Supplied entries START

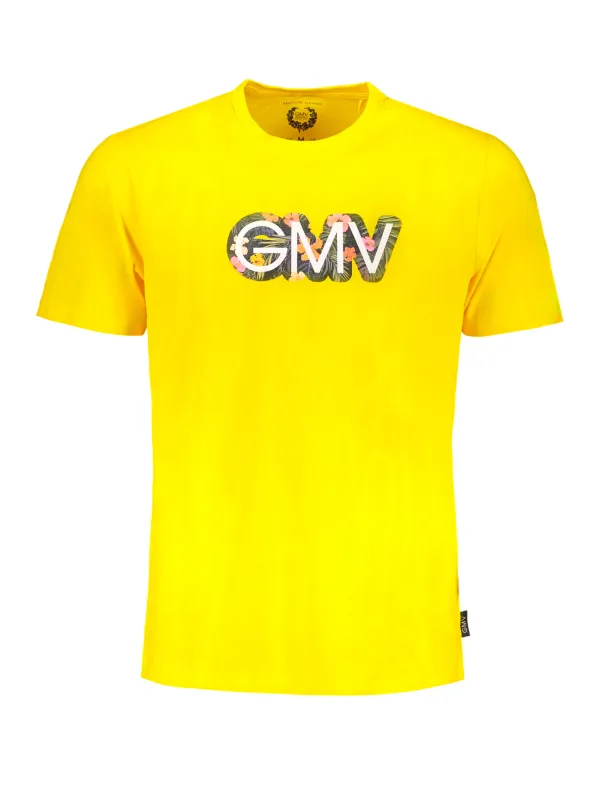 "GIAN MARCO VENTURI T-Shirts im Sale | Orlando Gelbes Logo TShirt mit Rundhals online kaufen"|Planet-Deluxe "GIAN MARCO VENTURI T-Shirts im Sale | Orlando Gelbes Logo TShirt mit Rundhals online kaufen"|Planet-Deluxe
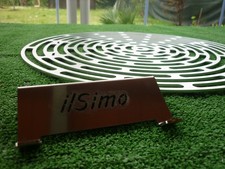 Griglia tonda D.44cm inox 304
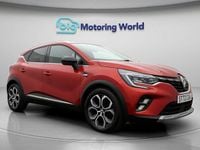 Second-hand Renault Captur Techno 143 CP (105 kW) 2023 Roșu SUV
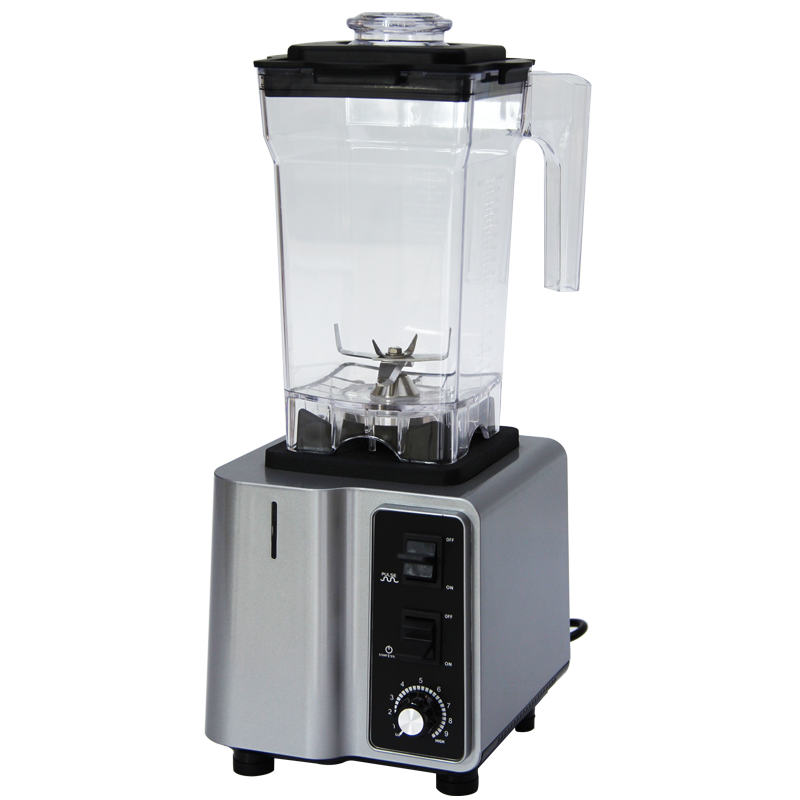 1800 Вт большой мощный кухонный комбайн, промышленный многофункциональный высокоскоростной фруктовый смузи, домашний кухонный электрический кухонный комбайн, миксер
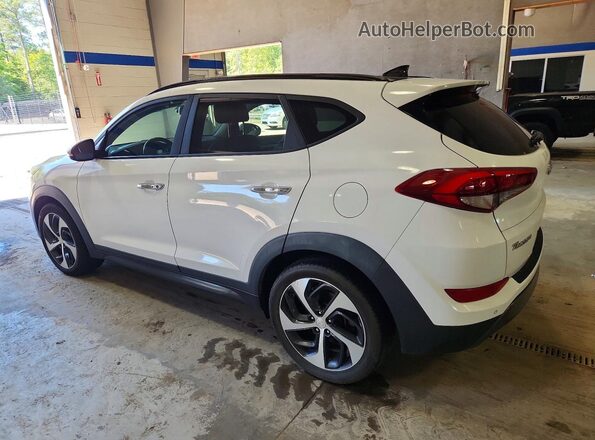 KM8J33A27GU161182 2016 HYUNDAI TUCSON White Հետևի աջ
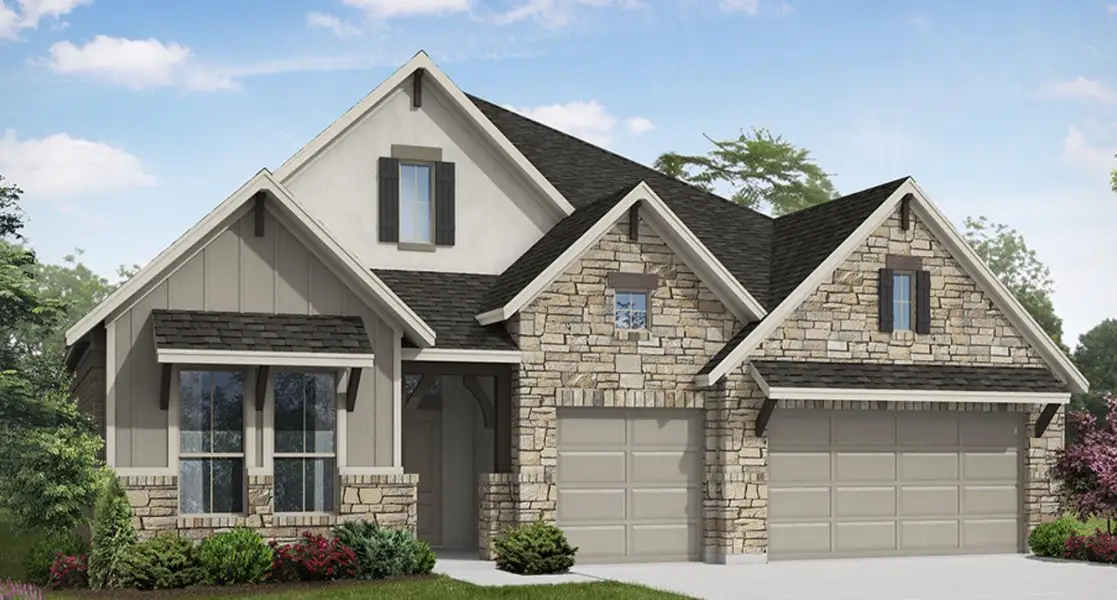 Groveton C Elevation - Representative Photo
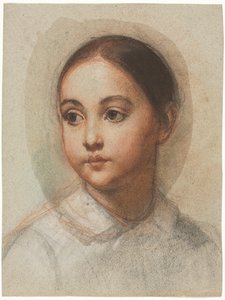 Head of a Young Girl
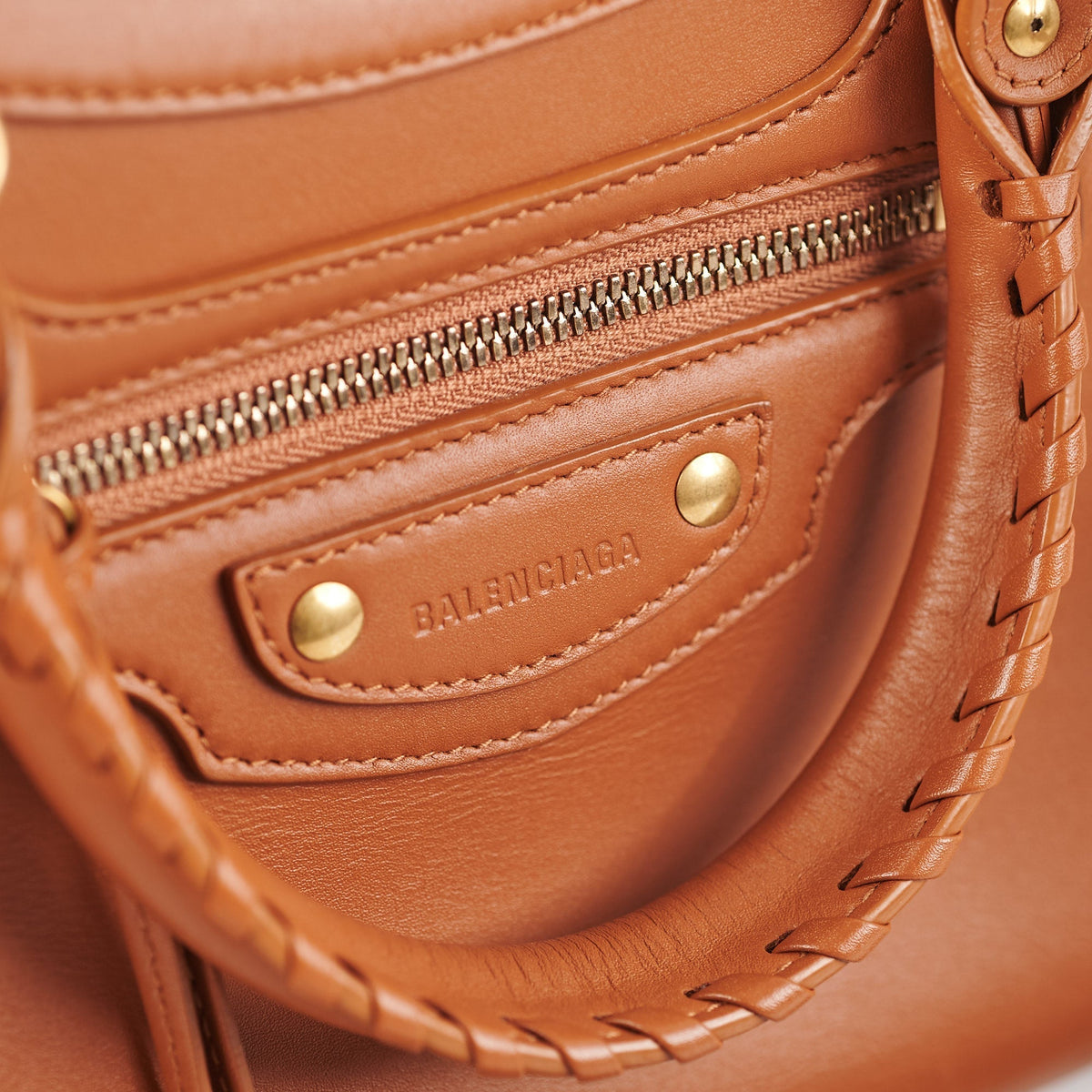 balenciaga Neo Classic Small Brown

Supplied entries END

The task: Please write out the lines above, beginning at the line with "KM8J33A27GU161182 2016 HYUNDAI" and ending at the last line of the records, exactly as they appear and without pictures.

Reply to the task:
 KM8J33A27GU161182 2016 HYUNDAI TUCSON White Հետևի աջ
 Groveton C Elevation - Representative Photo
 Head of a Young Girl
 balenciaga Neo Classic Small Brown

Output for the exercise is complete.